Skip to main content

Creating a Data Generation Job

Introduction

In this guide we will walk through how to create a data generation job. Data generation jobs are used to populate a database or datastore with freshly created synthetic data. Some usecases of data generation jobs are:

  1. Creating training data for machine learning usecases such as training a model
  2. Augmenting your existing database with more data for performance and scalability testing
  3. Generating data for demo environments

Creating a Data Generation Job

In order to create a data generation job:

  1. On the Jobs page, click on the + New Job button.

jobs

  1. Select the Data Generation job type.

job-type

  1. Then give your job a Name. Next, if you want your job to run on a schedule, click on the schedule switch to expose an input where you can provide a cron string. Your job will run on this schedule. Lastly, activate the Initiate Job Run switch if you want to immediately trigger a single job run once the job is completed. Click Next once you're ready.

job-define

  1. Select your destination(s) connection.

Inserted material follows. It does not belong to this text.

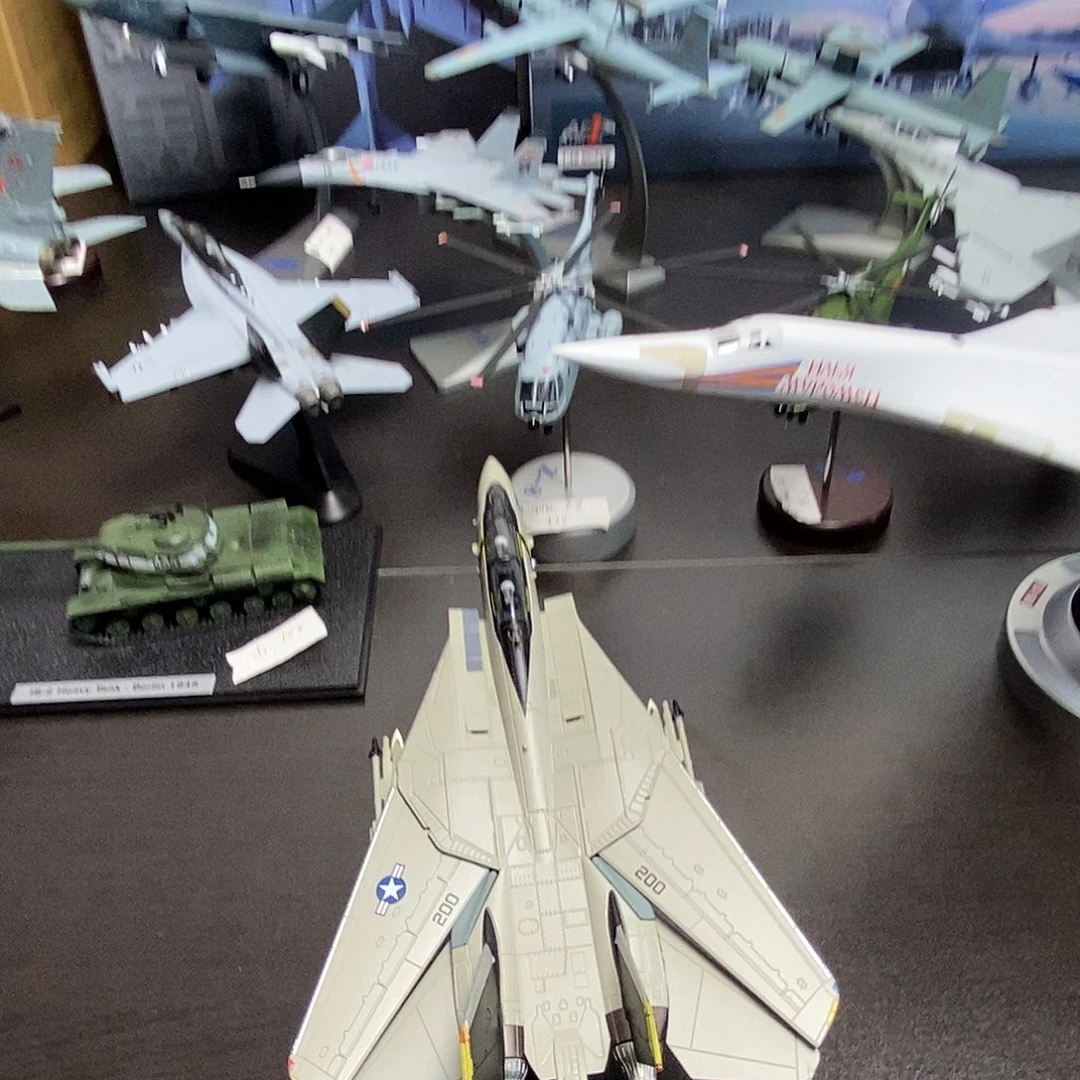 1:100F14A雄猫战斗机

You may also configure your destination with the provided configuration options.

job-connect

  1. Next is the Schema page. Here you can select how you want to transform your tables and columns with Transformers. Select your schema and the table you want to transform and then the number of rows you want to generate. There are a number of transformers that Neosync ships with out of the box or you can create your own custom transformer. Once you're done, you can click Next.

job-schema

  1. Congrats! You successfully created a job. From here, you will be taken to the Job Details page where you can pause, resume, run or update the job you created.